W ten weekend miały miejsce targi Poznań Game Arena 2014. Jak zwykle przyciągnęły one tysiące zwiedzających. Są to największe otwarte dla publiczności targi w Polsce. Impreza niestety znowu zajmowała tylko 4 pawilony co sprawiło, że było okropnie ciasno. Mam nadzieję, że na przyszły rok organizatorzy wyciągną wnioski.
Na imprezie przedstawiły się największe firmy branży komputerowej takie jak Intel, Asus, Ubisoft, Microsoft ze swoim nowiutkim Xbox One i wiele, wiele innych. Wszystkich nie sposób tu wymienić. Dużym zainteresowaniem cieszyła się oczywiście sala e-sportowa, na której rozgrywane były turnieje League of Legends, World of Tanks, War Thunder oraz finały Ligi Cybersport. Ogromną ilość zainteresowanych przyciągnął również Wiedźmin 3, ale twórcy pokazali to samo co było w sieci już od dawna.

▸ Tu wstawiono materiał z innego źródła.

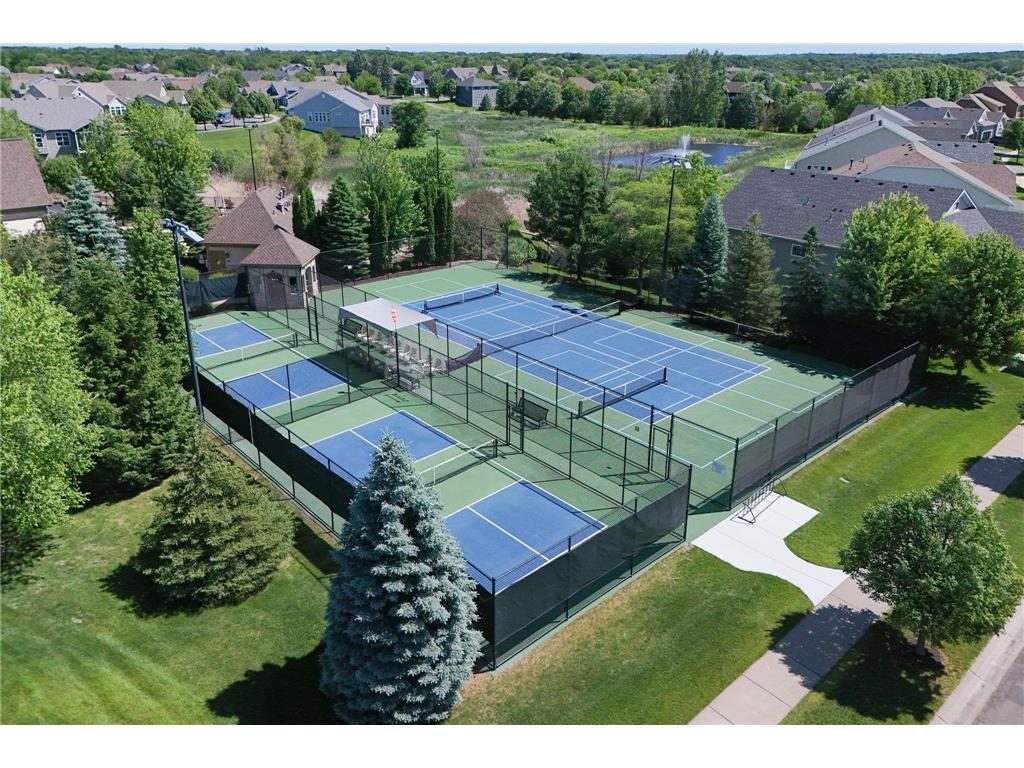 18060 74th Place N Maple Grove MN 55311 7077107 image32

My jednak teraz bardziej skupimy się na jednej z mniejszych części tej imprezy. Wiadome jest, że na PGA swój kącik mają gry starsze, a retro w tym roku także cieszyło się dużym zainteresowaniem. Dla zwiedzających oddane zostało kilkanaście kultowych maszyn, które bez chwili odpoczynku oblegane były zarówno przez graczy z tamtych lat, oraz przez młodszych, którzy ciekawi byli jak to kiedyś wyglądało i działało. Przybliżymy grę, w którą udało nam się zagrać.

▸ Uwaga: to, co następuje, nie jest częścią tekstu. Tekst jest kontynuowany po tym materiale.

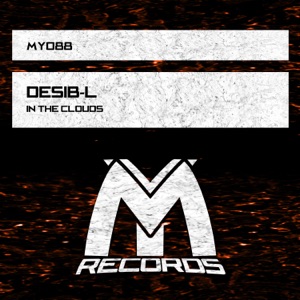 In the Clouds - Single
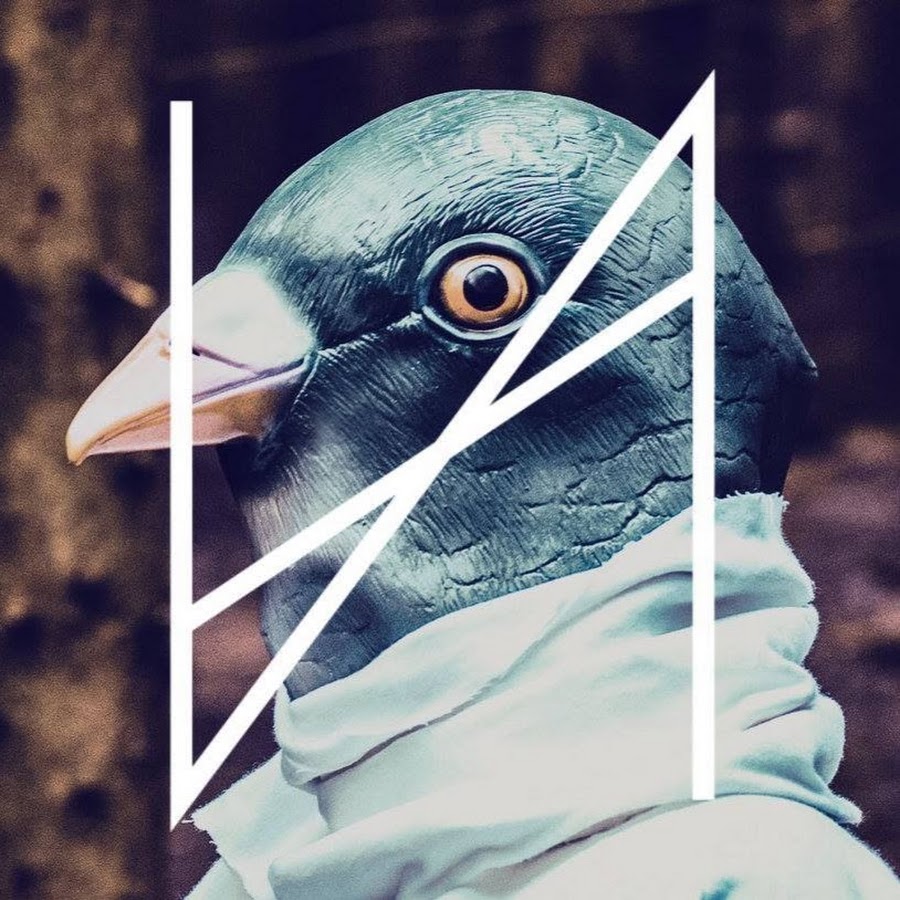 INOW Official - YouTube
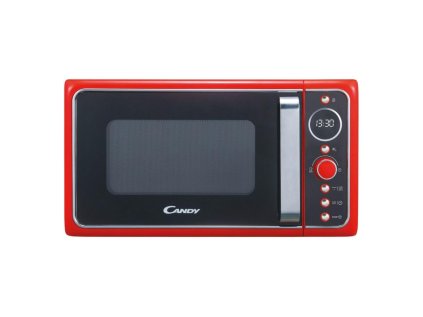 CANDY DIVOG20CR mikrovlnná rúra | ajtech.sk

A mowa tu o The Chaos Engine na konsoli Super Nintendo Entertainment System.
Najpierw słów kilka o samej konsoli. Jest to znacznie wydajniejszy następca Nintendo Entertainment System wydany na rynek europejski w 1992 r.. Posiada dużo lepszą grafikę i dźwięk od poprzednika. Gry występują tu w formie kartridży. Konsola wyszła w dwóch wersjach: europejskiej i amerykańskiej. Konsole różniły się nieco wyglądem: wersja amerykańska była bardziej kanciata niż europejska, oraz grami, gdyż gry z wersji amerykańskiej nie działały pod konsolą europejską i na odwrót.
The Chaos Engine to strzelanka napisana przez Bitmap Brothers i wydana przez Renegade Software w 1993 roku. Do wyboru mamy sześciu bohaterów. Każdy z nich różni się bronią oraz statystykami. Zmierzyć musimy się z maszynami-potworami, którzy powstali w wyniku wymknięcia się z pod kontroli Maszyny Chaosu. Gra nawiązuje do nurtu Steampunk, czyli fantastyki naukowej. Technika otaczająca bohaterów oparta jest na mechanice.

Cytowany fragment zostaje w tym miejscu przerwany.